Today’s brutal authoritarianism is of course stifling protest against its abuses. The courage of protestors in Iran is amazing but, in many places, the masses are too muzzled to rise up in rebellion. Thus, in many countries, environmental protestors or those fighting for indigenous peoples are simply killed or ‘disappear’.[xix] In the USA, by contrast, opposition is still possible, not least compared to the other two ‘super powers’, China and Russia. Under Trump, there is still a modicum of real democracy and most human rights survive comparatively intact.
Perhaps most appalling thing, then, is how many (most?) Americans are responding to Trump’s crimes at home and abroad. There has indeed been an admirable and somewhat underreported fight-back in Minneapolis itself but, generally, apathy seems more the rule, at least at the moment. Many people would appear to just shrug their shoulders (as with climate breakdown etc). Despite everything, Trump still clocks up a 40% approval rating, somewhat higher than the hapless but basically decent and intelligent Prime Minister Keir Starmer in the UK.[xx]

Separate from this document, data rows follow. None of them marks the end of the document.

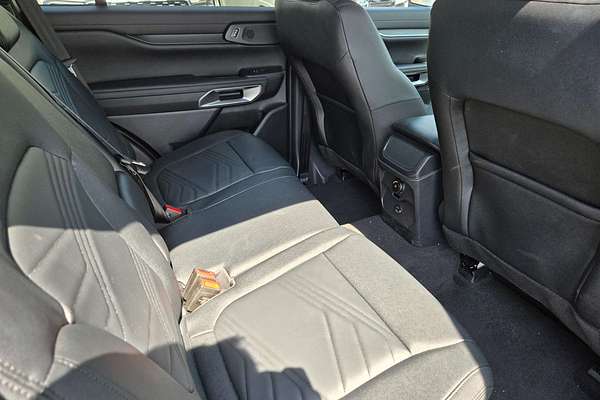 2024 Ford Everest Trend  2.0L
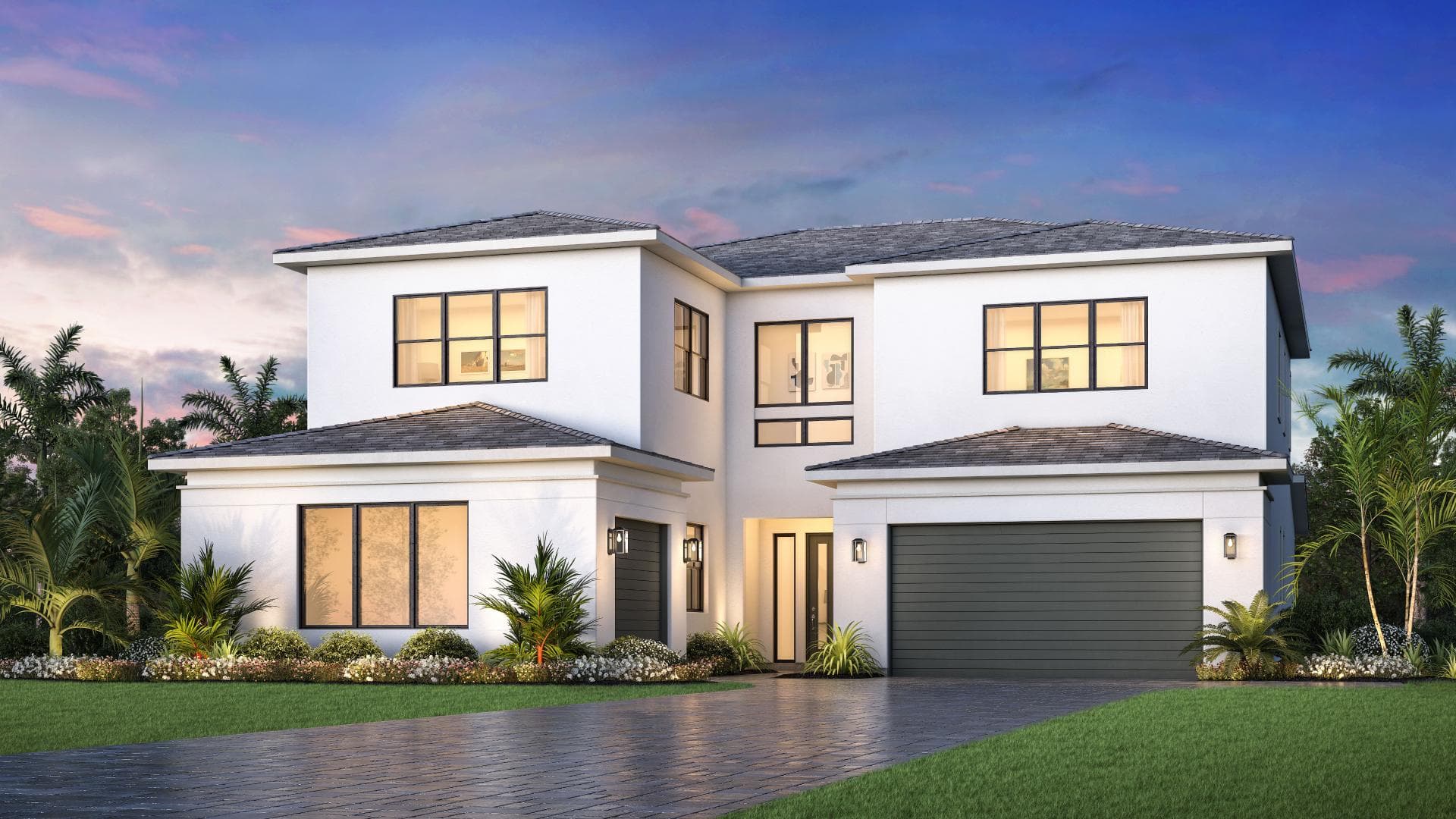Lagoon floor plan
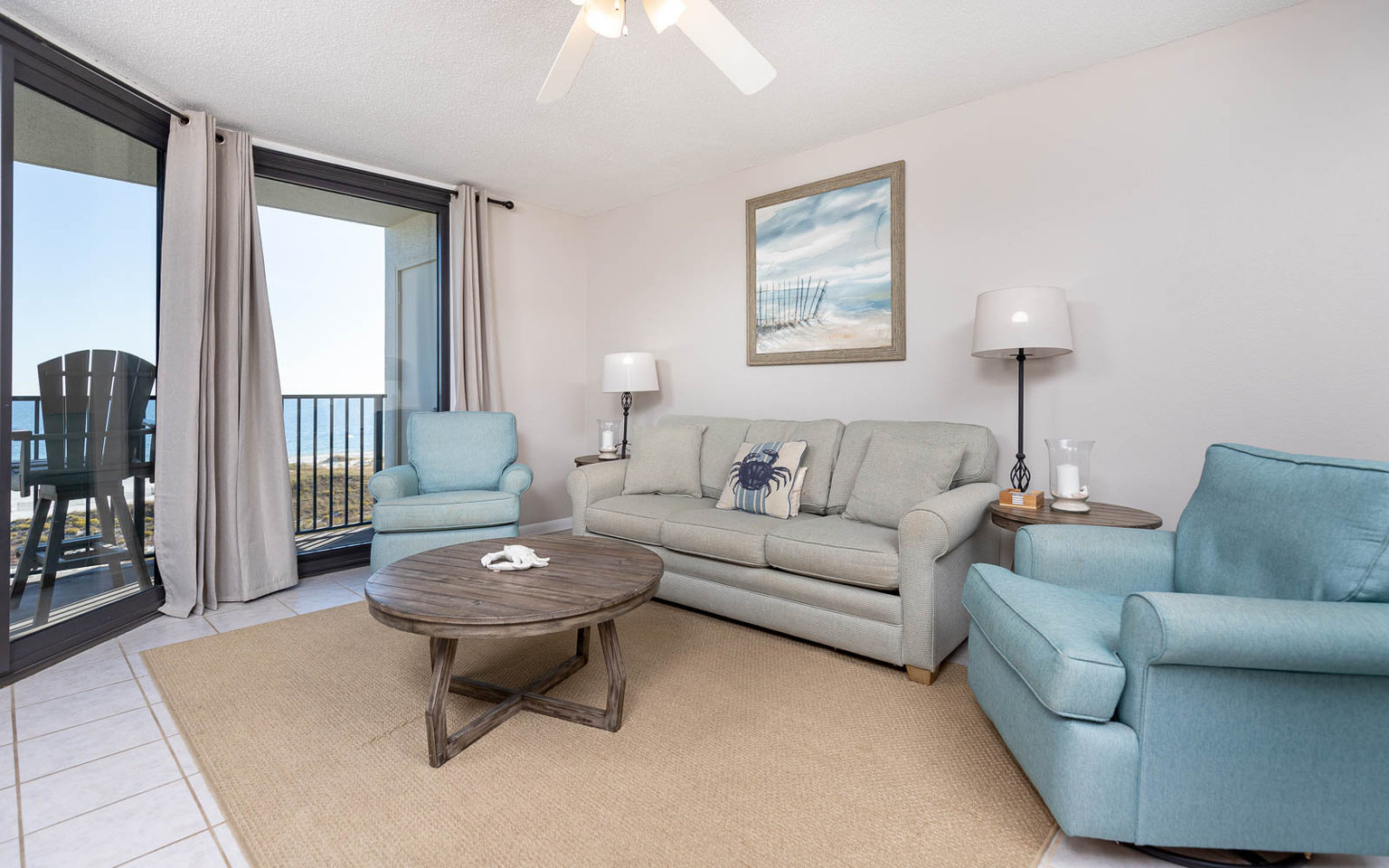 Orange Beach Vacation Rental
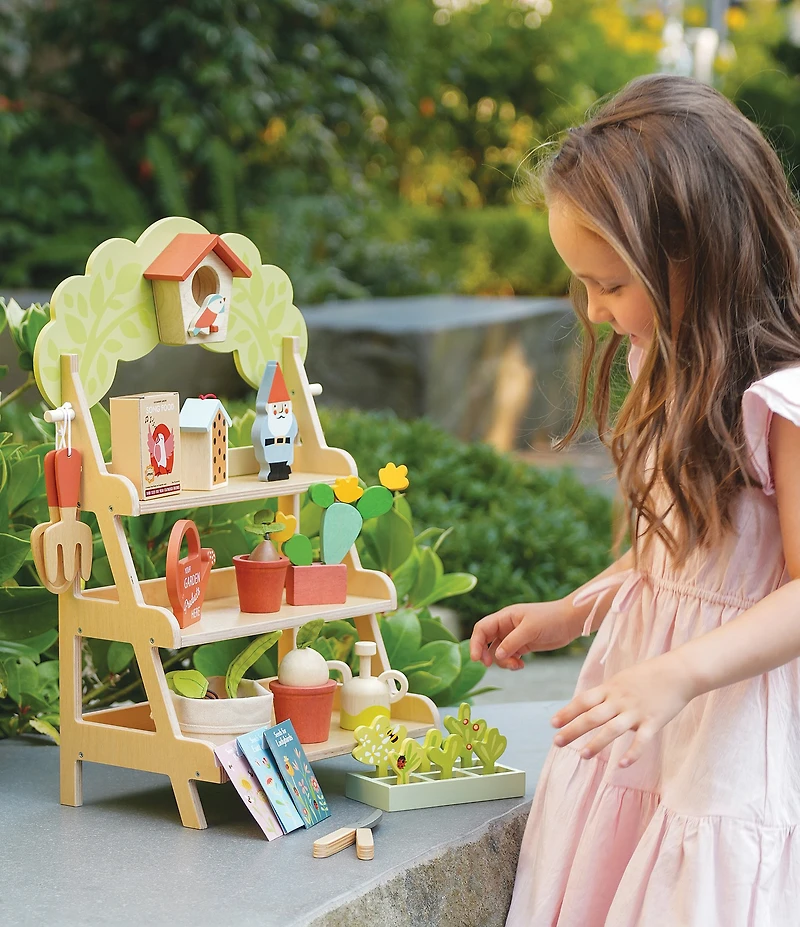 Tender Leaf Toys Garden Centre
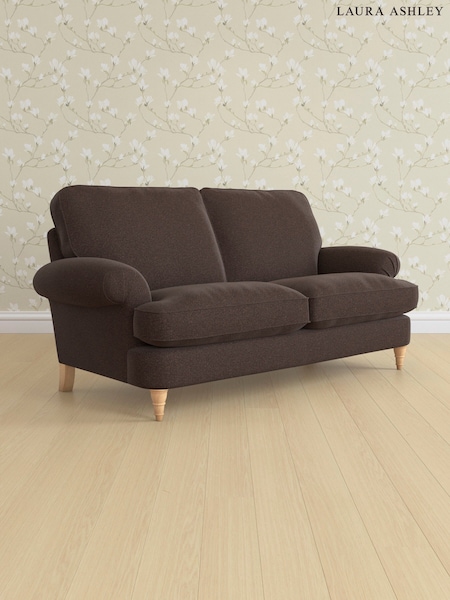 Harley/Chestnut Brown Beaumaris By Laura Ashley (AA9848) | £1,475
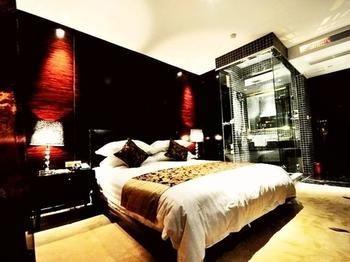 161 O.So Luxury Hotel Vencsou Kültér fotó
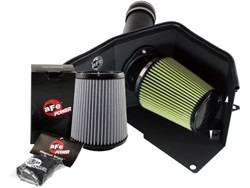 aFe Power 75-10792-0V MagnumFORCE Stage-2 Pro-GUARD 7 Intake System Value Pack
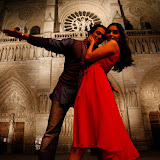 London Dreams (MOVIE STILLS)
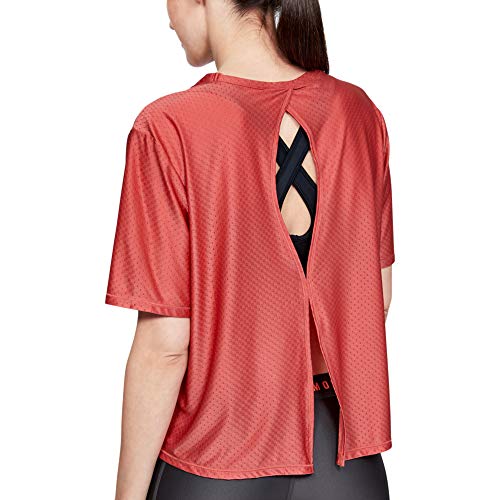 Under Armour Armour Sport SS Maglietta a Maniche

In these darkening times, it is tempting to conclude that the ‘bad guys’ have won. Artificial Intelligence seems set to really strengthen their hand. Meanwhile social media and ‘old-fashioned’ TV screens act as weapons of mass distraction. Where there have been surges in support for political parties with politics other than the likes of Reform UK, National Rally or Brothers of Italy, it has been a matter of an alternative populism that promise pie in the sky for one and all (e.g. Polanski’s self-styled ‘eco-populism’) in the Green Party of England and Wales.
Perhaps the most solid crumb of comfort is that things can suddenly change, albeit, of course, not necessarily for the better. Most great changes in history happened quite abruptly, taking most contemporaries by surprise: not just the establishment of the United States but so many more from the Reformation to the French revolution. In December 1916, Lenin publicly said he would not live to see the Russian Revolution but…Throughout the 1970s, Margaret Thatcher was dismissed as a no-hoper yet she swept to power in 1979.
There remains, then, the possibility that all is not lost and there could still be unanticipated developments that serve the sustainable common good. But fingers have to be tightly crossed. In the meantime, careful analysis of Trump and co will help. That includes due consideration of the most appropriate political terminology.